All those years ago (1972?) it was with Die Tote Stadt that RCA launched
Korngold as an operatic reputation. The second act prelude is sombre and
almost Delian - a trend I noted in the last Act of Die Kathrin. LINK?
It ends however with the richest imaginable skein of bell carillons - a clamour,
orgasmically Rimskian and resolved in orchestral shudders reminiscent of
the Ride of the Valkyries. The Bells of Bruges (the Dead City itself)
usually dowsed in slow emotional spice are offset by a crystalline magic
straight out of Rosenkavalier. Korngold venerated Richard Strauss's music.
Sursum Corda is a lanky, fulsome, dense concert overture. Janacekian strings
probe and flicker sabre-like.
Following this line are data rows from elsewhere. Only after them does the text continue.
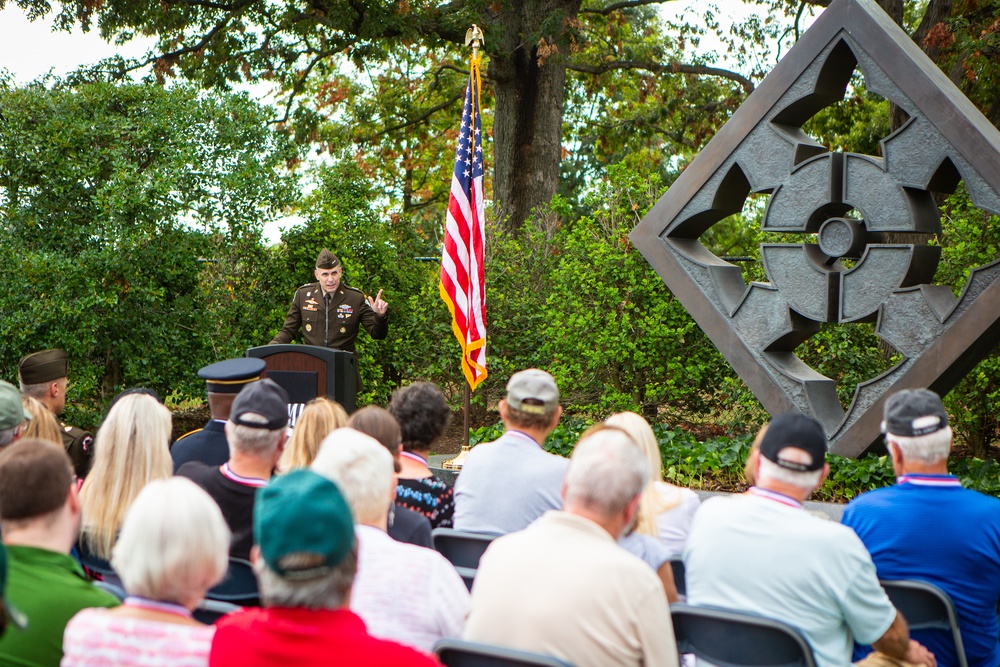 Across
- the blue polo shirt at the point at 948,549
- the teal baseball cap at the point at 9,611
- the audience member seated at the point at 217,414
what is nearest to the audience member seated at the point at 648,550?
the blue polo shirt at the point at 948,549

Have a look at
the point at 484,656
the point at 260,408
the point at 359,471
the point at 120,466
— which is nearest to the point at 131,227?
the point at 120,466

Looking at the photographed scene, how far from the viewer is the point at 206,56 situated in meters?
12.7

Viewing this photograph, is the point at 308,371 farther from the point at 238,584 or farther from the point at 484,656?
the point at 484,656

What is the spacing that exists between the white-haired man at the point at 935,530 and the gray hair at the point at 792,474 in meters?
0.45

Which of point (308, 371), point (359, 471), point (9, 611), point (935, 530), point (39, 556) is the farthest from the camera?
point (308, 371)

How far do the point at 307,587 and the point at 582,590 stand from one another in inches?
26.8

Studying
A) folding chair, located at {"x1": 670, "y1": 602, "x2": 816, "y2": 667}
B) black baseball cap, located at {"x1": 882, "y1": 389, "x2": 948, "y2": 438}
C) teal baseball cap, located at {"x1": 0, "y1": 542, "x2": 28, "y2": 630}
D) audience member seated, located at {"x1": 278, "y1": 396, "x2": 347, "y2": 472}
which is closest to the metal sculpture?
black baseball cap, located at {"x1": 882, "y1": 389, "x2": 948, "y2": 438}

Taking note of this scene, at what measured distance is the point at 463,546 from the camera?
3385 mm

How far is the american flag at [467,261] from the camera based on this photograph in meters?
7.52

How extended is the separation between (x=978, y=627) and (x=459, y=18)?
30.6ft

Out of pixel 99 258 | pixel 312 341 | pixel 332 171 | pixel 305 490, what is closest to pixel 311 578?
pixel 305 490

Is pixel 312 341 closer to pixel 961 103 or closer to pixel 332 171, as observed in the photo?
pixel 332 171

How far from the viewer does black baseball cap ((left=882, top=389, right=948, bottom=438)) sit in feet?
10.4

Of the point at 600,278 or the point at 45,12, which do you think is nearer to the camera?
the point at 600,278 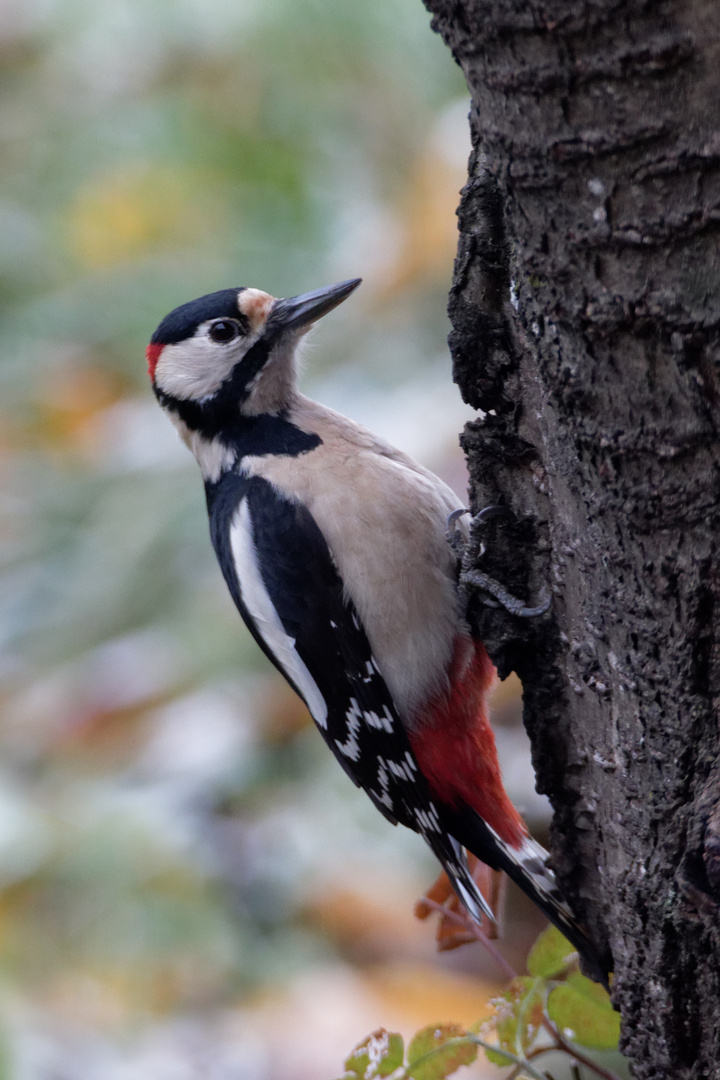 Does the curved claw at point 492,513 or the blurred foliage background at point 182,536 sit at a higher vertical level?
the blurred foliage background at point 182,536

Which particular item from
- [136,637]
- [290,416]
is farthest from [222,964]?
[290,416]

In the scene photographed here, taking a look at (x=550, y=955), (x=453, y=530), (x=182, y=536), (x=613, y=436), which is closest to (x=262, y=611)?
(x=453, y=530)

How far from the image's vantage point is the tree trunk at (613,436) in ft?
3.06

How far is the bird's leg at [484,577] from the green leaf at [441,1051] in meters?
0.56

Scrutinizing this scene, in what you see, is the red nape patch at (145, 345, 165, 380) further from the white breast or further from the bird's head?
the white breast

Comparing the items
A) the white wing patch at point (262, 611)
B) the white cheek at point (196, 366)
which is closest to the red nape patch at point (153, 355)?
the white cheek at point (196, 366)

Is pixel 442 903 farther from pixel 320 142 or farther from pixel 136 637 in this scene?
pixel 320 142

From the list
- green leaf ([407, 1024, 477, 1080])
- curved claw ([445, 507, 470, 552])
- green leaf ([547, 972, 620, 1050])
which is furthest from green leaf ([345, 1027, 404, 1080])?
curved claw ([445, 507, 470, 552])

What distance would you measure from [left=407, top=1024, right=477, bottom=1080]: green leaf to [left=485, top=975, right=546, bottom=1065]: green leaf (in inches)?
1.8

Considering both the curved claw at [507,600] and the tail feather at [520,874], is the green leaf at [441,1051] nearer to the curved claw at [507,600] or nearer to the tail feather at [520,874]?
the tail feather at [520,874]

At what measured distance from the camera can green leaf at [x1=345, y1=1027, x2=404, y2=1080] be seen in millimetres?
1299

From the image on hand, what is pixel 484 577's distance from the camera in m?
1.77

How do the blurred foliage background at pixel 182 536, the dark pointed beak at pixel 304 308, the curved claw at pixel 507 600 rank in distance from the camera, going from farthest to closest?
1. the blurred foliage background at pixel 182 536
2. the dark pointed beak at pixel 304 308
3. the curved claw at pixel 507 600

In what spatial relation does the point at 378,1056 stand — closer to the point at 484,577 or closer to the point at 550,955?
the point at 550,955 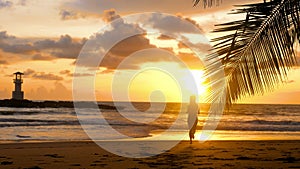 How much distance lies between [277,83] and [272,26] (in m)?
0.47

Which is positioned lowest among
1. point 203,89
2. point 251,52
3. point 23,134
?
point 23,134

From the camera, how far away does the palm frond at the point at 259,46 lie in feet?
11.5

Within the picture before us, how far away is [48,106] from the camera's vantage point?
64.2 meters

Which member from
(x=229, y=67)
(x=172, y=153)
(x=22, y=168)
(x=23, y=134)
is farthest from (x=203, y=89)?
(x=23, y=134)

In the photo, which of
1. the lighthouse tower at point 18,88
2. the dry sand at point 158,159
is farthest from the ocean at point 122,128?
the lighthouse tower at point 18,88

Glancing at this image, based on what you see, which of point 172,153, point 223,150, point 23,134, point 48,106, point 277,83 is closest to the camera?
point 277,83

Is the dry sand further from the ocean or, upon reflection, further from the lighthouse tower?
the lighthouse tower

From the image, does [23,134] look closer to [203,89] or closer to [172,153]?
[172,153]

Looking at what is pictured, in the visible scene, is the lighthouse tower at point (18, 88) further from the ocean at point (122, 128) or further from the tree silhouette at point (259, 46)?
the tree silhouette at point (259, 46)

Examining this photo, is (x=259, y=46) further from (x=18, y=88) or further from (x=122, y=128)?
(x=18, y=88)

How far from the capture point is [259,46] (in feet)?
11.8

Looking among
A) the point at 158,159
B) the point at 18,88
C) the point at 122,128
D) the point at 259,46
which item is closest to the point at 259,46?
the point at 259,46

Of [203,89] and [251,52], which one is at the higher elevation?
[251,52]

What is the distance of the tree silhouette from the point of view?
3504 mm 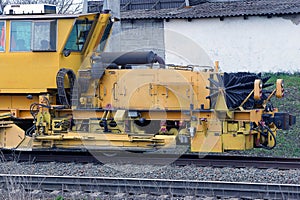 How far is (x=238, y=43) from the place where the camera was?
26.7 meters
Confidence does not exude from every bar; it
bursts forth in a torrent with a surge like that of Elgar's In The
South. This blood-rush is full of ecstatic shrills and the call of strange
birds. The typical 'deep cream' theme is lovingly pitched and rocked with
all the rich melodrama you could ask. Korngold tops each climax with the
hectic torrential invention of Szymanowski's concert overture (actually nowhere
near as dense as Szymanowski's early effort) or Enescu's first symphony.
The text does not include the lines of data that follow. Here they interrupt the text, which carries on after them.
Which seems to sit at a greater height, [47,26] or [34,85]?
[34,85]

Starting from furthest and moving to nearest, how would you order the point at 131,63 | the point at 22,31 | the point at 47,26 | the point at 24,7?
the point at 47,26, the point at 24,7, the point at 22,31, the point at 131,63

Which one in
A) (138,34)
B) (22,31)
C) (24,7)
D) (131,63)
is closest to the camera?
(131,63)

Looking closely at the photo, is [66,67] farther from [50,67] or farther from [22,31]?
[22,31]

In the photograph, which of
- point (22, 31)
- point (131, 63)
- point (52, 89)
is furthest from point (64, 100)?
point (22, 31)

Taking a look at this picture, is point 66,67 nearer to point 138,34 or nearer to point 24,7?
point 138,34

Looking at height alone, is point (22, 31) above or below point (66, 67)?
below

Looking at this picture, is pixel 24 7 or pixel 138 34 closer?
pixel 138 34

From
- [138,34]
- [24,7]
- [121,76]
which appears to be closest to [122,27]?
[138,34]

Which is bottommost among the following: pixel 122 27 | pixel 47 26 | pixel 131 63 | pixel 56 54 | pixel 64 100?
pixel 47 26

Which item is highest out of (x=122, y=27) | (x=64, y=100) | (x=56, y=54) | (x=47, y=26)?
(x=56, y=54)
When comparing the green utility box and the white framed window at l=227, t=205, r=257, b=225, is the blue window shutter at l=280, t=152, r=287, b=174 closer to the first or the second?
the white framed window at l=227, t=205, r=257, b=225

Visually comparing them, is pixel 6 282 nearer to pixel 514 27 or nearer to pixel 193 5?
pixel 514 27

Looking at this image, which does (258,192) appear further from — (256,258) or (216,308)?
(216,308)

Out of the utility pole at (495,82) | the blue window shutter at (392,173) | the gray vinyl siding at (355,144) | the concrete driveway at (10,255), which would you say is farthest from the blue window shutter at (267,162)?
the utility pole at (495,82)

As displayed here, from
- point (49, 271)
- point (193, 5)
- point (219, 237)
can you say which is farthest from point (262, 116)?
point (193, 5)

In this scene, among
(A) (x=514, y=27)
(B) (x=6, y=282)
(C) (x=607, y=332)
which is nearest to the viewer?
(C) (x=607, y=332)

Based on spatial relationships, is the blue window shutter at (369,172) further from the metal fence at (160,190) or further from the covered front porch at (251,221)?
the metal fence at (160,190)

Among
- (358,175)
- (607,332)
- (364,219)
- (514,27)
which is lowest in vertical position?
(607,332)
It only suffers because its final five minutes give the impression that the
composer was trying out all sorts of endings until he found one that fitted.
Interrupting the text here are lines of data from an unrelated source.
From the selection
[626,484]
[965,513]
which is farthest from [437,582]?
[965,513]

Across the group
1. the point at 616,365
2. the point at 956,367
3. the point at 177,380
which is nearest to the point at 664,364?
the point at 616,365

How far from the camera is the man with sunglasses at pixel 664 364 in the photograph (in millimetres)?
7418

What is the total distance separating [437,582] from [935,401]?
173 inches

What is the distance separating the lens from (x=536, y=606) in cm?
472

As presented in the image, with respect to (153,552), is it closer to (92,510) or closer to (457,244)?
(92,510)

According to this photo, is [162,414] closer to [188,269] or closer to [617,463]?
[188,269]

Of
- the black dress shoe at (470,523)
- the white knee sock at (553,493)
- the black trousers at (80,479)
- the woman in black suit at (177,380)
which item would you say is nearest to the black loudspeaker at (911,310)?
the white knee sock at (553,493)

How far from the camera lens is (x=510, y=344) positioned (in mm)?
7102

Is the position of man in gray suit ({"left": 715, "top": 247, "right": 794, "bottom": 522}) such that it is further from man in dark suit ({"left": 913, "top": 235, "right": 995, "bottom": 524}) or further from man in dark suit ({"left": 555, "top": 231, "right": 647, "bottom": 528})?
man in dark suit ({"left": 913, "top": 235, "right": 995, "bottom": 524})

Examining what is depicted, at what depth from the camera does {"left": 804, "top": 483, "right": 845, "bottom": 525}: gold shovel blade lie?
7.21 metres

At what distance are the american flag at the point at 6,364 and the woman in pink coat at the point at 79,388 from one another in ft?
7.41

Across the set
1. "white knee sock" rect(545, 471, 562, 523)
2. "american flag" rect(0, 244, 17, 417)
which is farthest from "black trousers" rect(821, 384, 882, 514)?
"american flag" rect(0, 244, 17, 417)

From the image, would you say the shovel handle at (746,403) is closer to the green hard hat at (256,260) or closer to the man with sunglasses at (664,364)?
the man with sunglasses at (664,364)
It is the first time that I have heard the Baby Serenade (written
for son, George). This looks like a recording premiere (Korngold completists
will correct me if I am wrong). It still rushes pell-mell but is lighter
textured with an orchestra of jazz trumpet, 3 saxes, banjo, piano, harp,
percussion and strings. The sax darts and cants around and at times you feel
that the orchestra must be powered by some form of accelerant. The second
movement is a 'hearts and flowers' lied of reverberantly supercharged
and ghostly creaminess while the scherzino's motor horn cheekiness is played
to the hilt. The woodwind are in cherry-ripe form. The jazz movement is not
all that jazzy but you can tell what Korngold intended: very much a ghostly
street nocturne. The epilogue has hints of the traditional Christmas tune
O Tannenbaum and is agreeably sentimental; note the piano apparently
ticking out the moments to Christmas Day and the feathered the gong stroke.
More than a few subtle moments here.
Der Schneemann (1908) has been done before (several times). A more major
slice of the score is to be found on Chandos. The two very short excerpts
are good and the solo violin of Heinz Haunold is sweetness itself.
How long do we have to wait for a complete recording of the opera The
Wonder of Heliane? Going by this prelude I hope I get the chance to review
it. I also hope that Caspar Richter is selected as the conductor. For the
prelude imagine again the ripest Elgarian material - perhaps culled from
the second symphony - and then imagine it slowed and steadied with the
orchestration made transparent. The strings swoop, slide and fade with faultless
timing. The congestion of Sursum Corda is absent and the piece seems
more secure and fully rounded - balanced to perfection. The Waltonian brass
erupt, at first tactfully, then in glory as the great cortege moves onward:
tragic and happy, sad and confident - a melting angel cake of a piece. Utter
perfection.
The orchestra is in tip-top form as you might expect from their little known
recording of the Franz Schmidt Symphony No. 4 (conducted by Martin Sieghart)
on Chesky - review.
As you might expect the notes are by foremost Korngold authority, Brendan
Carroll, who now also seems to be branching out towards another late romantic
the Austrian, Joseph Marx. See Mr Carroll's notes for the very fine recording
of the Marx string quartets review.
Summing up: Great recording, richness and clarity; performances that are
not so much spirited as flaming. We must hear more from Caspar Richter and
the Linz orchestra. High recommendation.